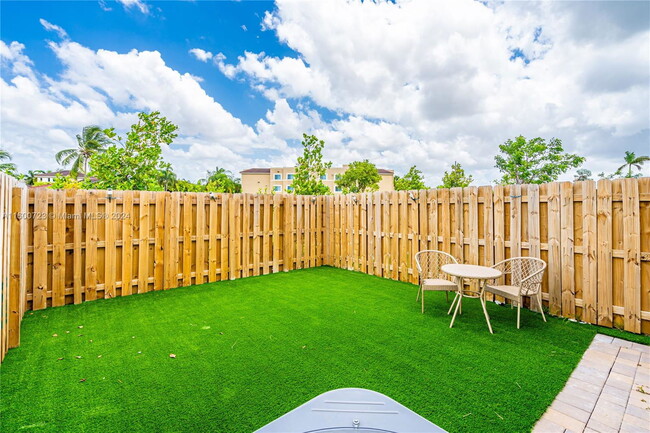 Foto del edificio - 12125 NW 23rd Ct
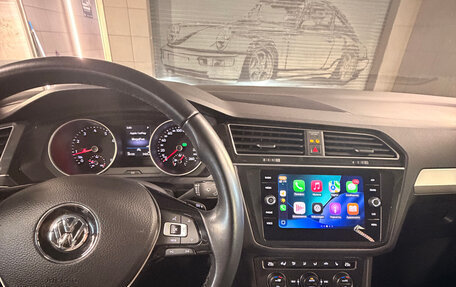 Volkswagen Tiguan II, 2019 год, 2 740 000 рублей, 25 фотография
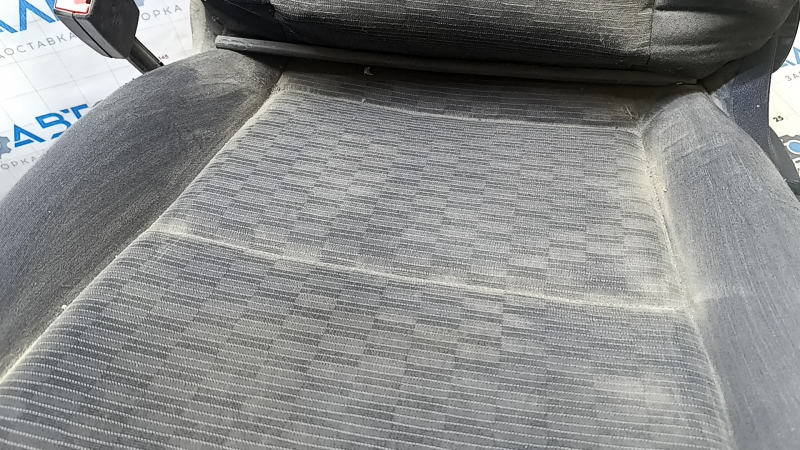 Водительское сиденье VW Tiguan 09-18 без airbag, механическое, ткань черная, под чистку, замято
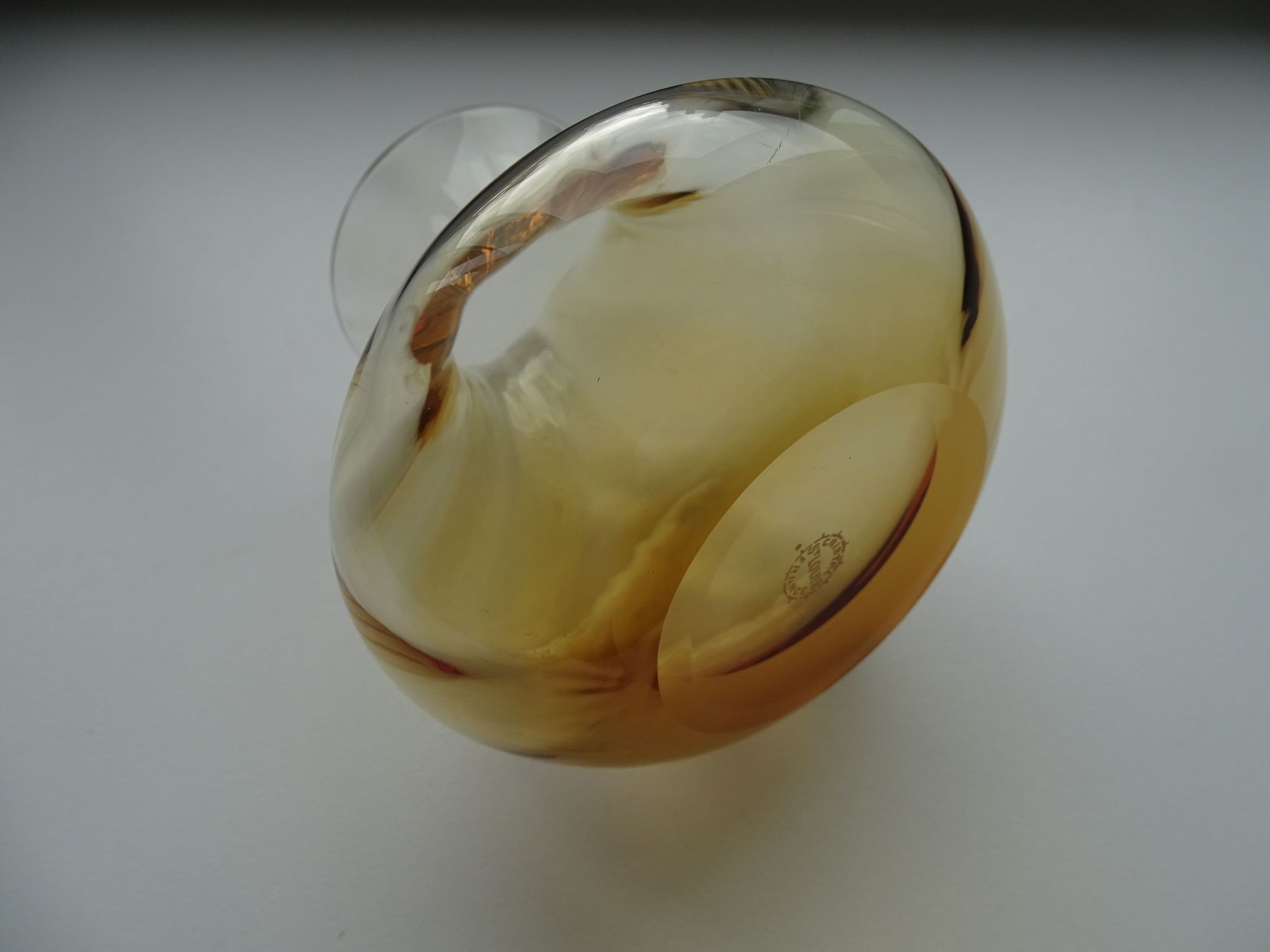 Crystal vase Saint Louis venetian amber orange ribs signed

• **What is being asked**: Retype the listing above exactly as it appears, omitting the pictures.

• **Written solution**:
 Foto del edificio - 12125 NW 23rd Ct
 Volkswagen Tiguan II, 2019 год, 2 740 000 рублей, 25 фотография
 Водительское сиденье VW Tiguan 09-18 без airbag, механическое, ткань черная, под чистку, замято
 Crystal vase Saint Louis venetian amber orange ribs signed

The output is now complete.